• _SUPPLIED RECORDS_
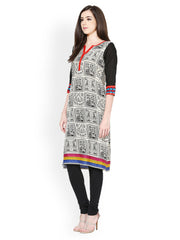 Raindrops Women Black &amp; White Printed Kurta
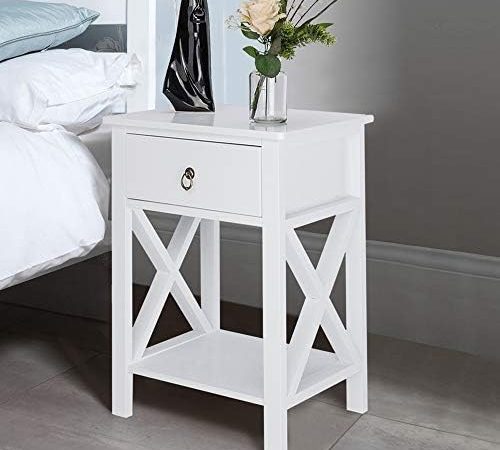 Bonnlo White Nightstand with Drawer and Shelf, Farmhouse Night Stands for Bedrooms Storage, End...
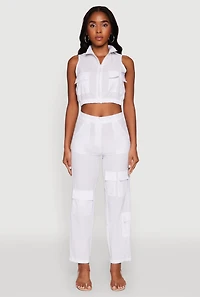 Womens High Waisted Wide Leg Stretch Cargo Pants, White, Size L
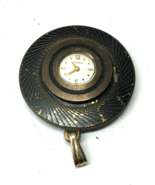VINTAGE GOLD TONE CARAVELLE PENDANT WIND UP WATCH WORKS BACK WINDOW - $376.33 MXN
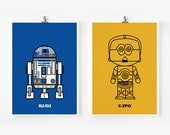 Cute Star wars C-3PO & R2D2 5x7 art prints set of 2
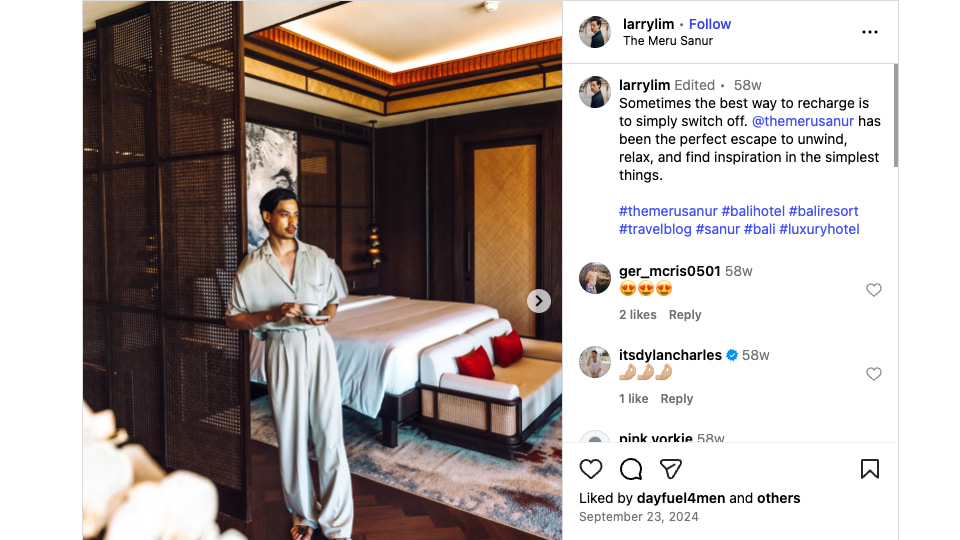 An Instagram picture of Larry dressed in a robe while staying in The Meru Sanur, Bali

* * *

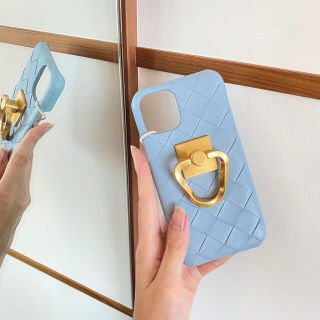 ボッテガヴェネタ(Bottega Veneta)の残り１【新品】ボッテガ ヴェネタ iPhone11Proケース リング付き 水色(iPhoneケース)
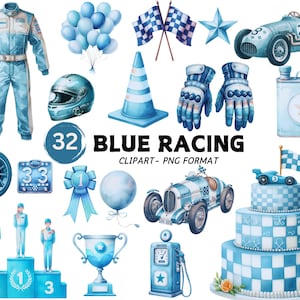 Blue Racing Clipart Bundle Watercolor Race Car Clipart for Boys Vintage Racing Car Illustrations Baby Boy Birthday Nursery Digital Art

---

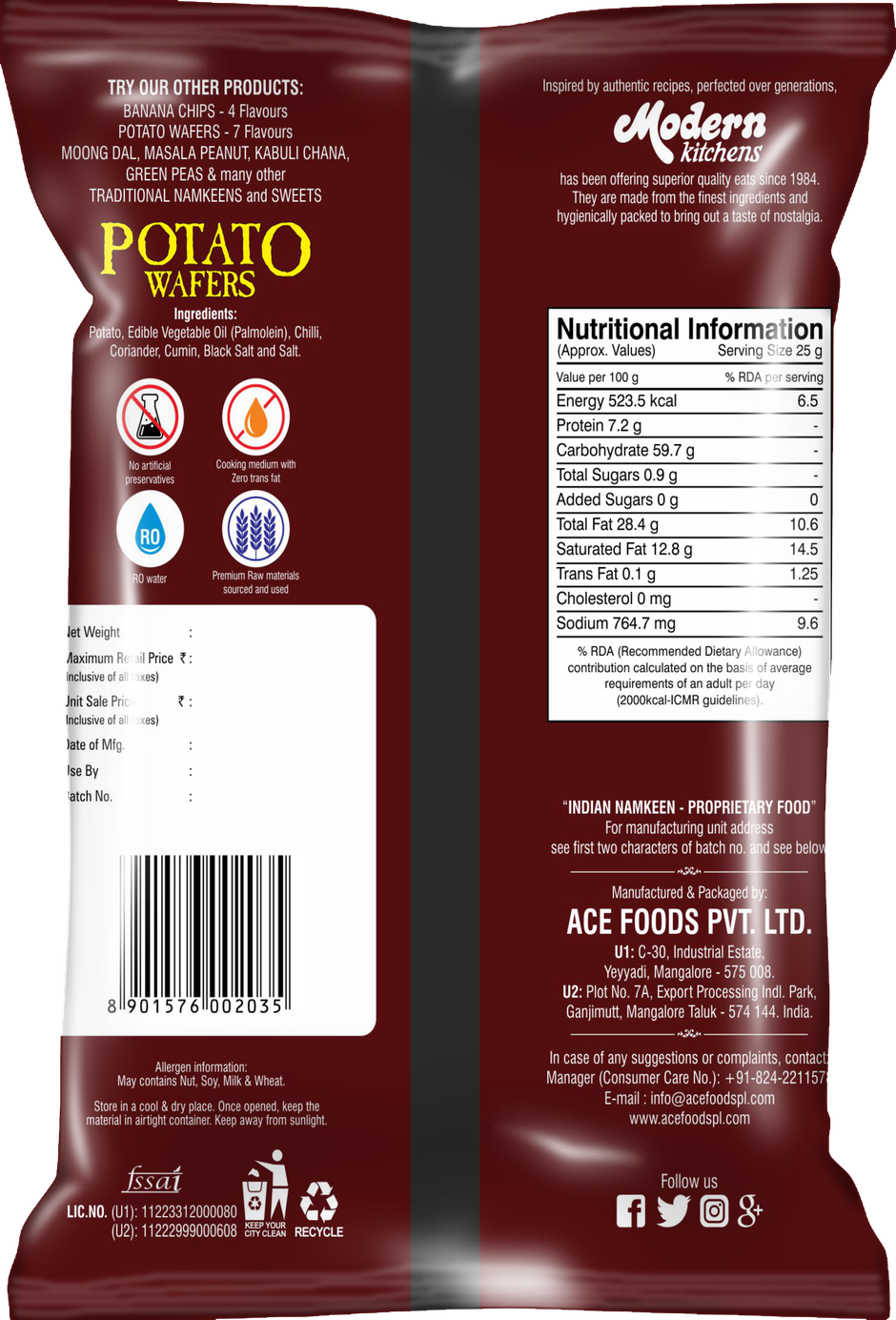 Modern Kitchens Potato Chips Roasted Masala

• _WHAT TO PRODUCE_
All pictures are to be skipped. Output, word for word, the lines in the data above starting at the line containing "ボッテガヴェネタ(Bottega Veneta)の残り１【新品】ボッテガ ヴェネタ" and ending at the line containing "Blue Racing Clipart".

• _RESPONSE AREA_
 ボッテガヴェネタ(Bottega Veneta)の残り１【新品】ボッテガ ヴェネタ iPhone11Proケース リング付き 水色(iPhoneケース)
 Blue Racing Clipart Bundle Watercolor Race Car Clipart for Boys Vintage Racing Car Illustrations Baby Boy Birthday Nursery Digital Art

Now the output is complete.